Several superintendents pointed out Friday that unlike private school administrators, state law forbids them to remove a teacher from the classroom for reasons other than insubordination or incompetence.
Aside from the law, however, several superintendents said they would have moral qualms about letting Rogers go.
On Thursday Rogers resigned her elementary school teaching duties at the exclusive La Jolla Country Day School, where she was employed for 12 years and earned a reputation as an excellent educator.

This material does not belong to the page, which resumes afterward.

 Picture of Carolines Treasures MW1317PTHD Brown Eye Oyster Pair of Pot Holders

The move came six days after Rogers escaped injury when a crude pipe bomb exploded under the Toyota van she was driving to school. Experts believe the bombing could have been a terrorist retaliation for the accidental downing of an Iranian airliner by the Vincennes last summer.

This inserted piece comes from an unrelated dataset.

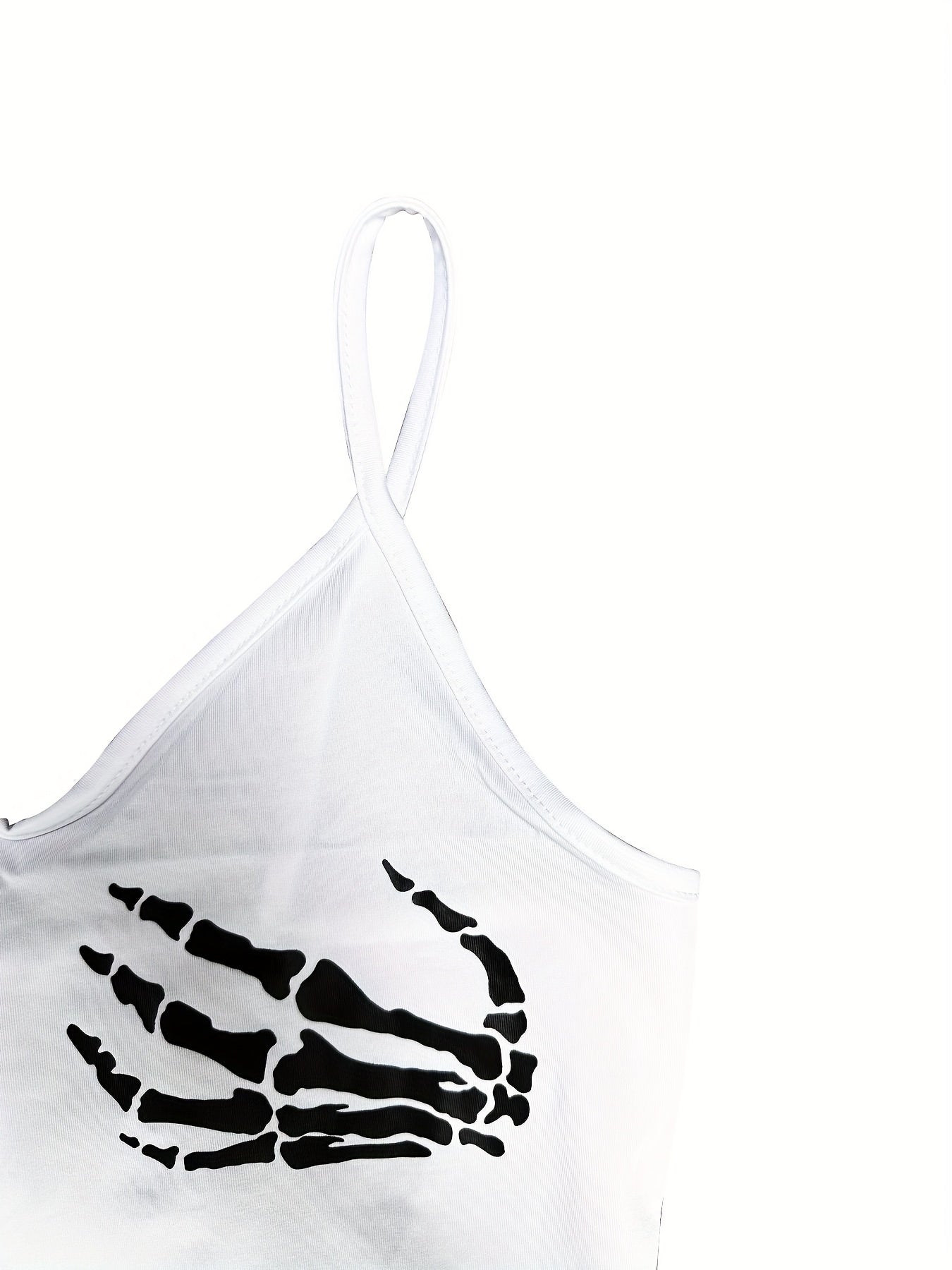 Women'S Sexy V-Neck Slingback Crop Top, Skull Hand Print, Knit Fabric, 95% Polyester 5% Spandex, All-Season, 180g/m², Polyester Knit Fabric, Sizes S-XL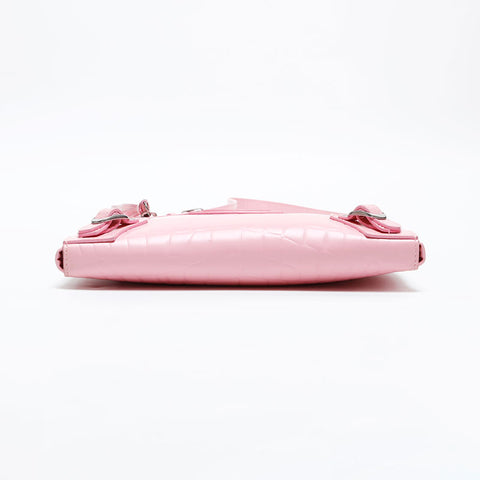 BALENCIAGA Embossed Leather Neo Classic City Shoulder Bag pink WS20276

The van bombing followed by two days a bomb threat phoned into the La Jolla campus, which this week employed security guards to turn away strangers and search classrooms before the start of school.

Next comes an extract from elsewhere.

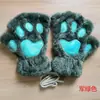 Luvas de Garra de Gato Pelúcia Meio Dedo Patas de Urso Luvas Sem Dedos Fofas Femininas Veludo Grosso Luvas de Gola Cartoon Luvas Quentes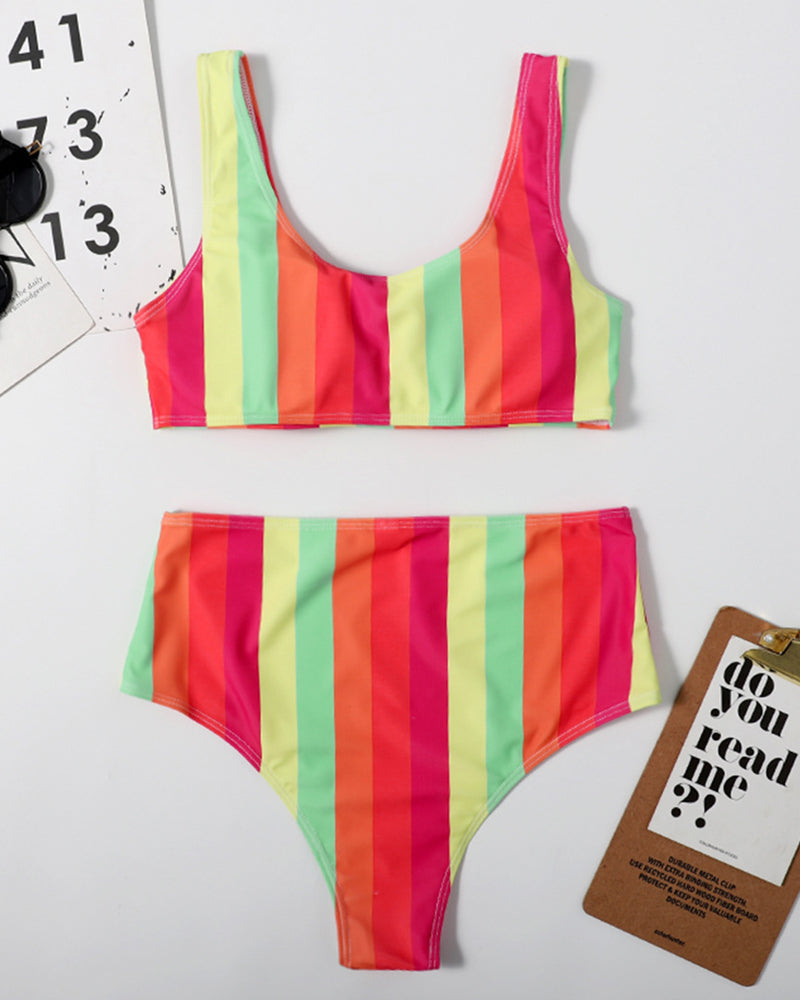 Sexy Stripe High Waist Two-piece Swimsuit Yellow Green Navy Blue Orange S-XL YY10017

In announcing the “mutual decision” for Rogers to step down, officials at the private school said they were concerned about the “safety of the children, the confidence of the parents and the integrity of the educational environment.”
Rep. Bill Lowery (R-San Diego), a friend of the Rogerses, said Friday that he was deeply disappointed in the school’s decision to drop Sharon Rogers from the faculty. He said he believed that Rogers, already victimized by the van explosion, was being made a victim a second time by losing her job.
“As the father of three kids, I can certainly identify with the concerns of the parents,” he said. “But this is a case where the victim is a victim again.
“And this is what international terrorism is all about, to put such fears into how we go about our daily business that we capitulate.”
A number of San Diego-area educators said their guidelines and “moral” feelings were such that unsubstantiated fears about a terrorist attack on campus would not be strong enough to keep Rogers out of their classrooms.
‘Sense of Direction’
“In this day and age, we have to deal with a lot of uncertainty and ambiguity, and one of the things we have to do is provide some sense of direction for our young people on how to deal with that,” said Tom Payzant, superintendent for 117,000 students in the San Diego Unified School District.
“I’m not sure we should give in to the ambiguity and uncertainty by running scared,” Payzant said. “I would have thought long and hard about putting pressure on somebody to leave, if that in fact happened.”
Payzant said that before taking any action in Rogers’ case, he would have consulted with police agencies to determine the potential safety risks to her classroom and whether the government would be willing to provide added protection for the teacher and her students.
“Most likely, we would take it head on and deal with the security issues and say that things have got to get back to normal as quickly as possible,” Payzant said. “That’s the best message to send to everybody.
“You can’t develop the kind of atmosphere where everybody feels victimized and is fearful. Once people adopt that attitude, it really makes it very difficult for a school to be a place where creativity and learning can occur.”
Lowery said he met with the secretary of the Navy in Washington this last week and had been assured that the Navy and the San Diego police were willing to provide adequate security for Rogers, should she be allowed to continue her fourth-grade teaching assignment.
“To me, rather than firing Sharon Rogers, that strikes me as a better approach,” Lowrey said.
Rene Townsend, superintendent of the 16,000-student Vista Unified School District, said she would have tried to transfer the teacher to a different job in the district while the bombing investigation ran its course.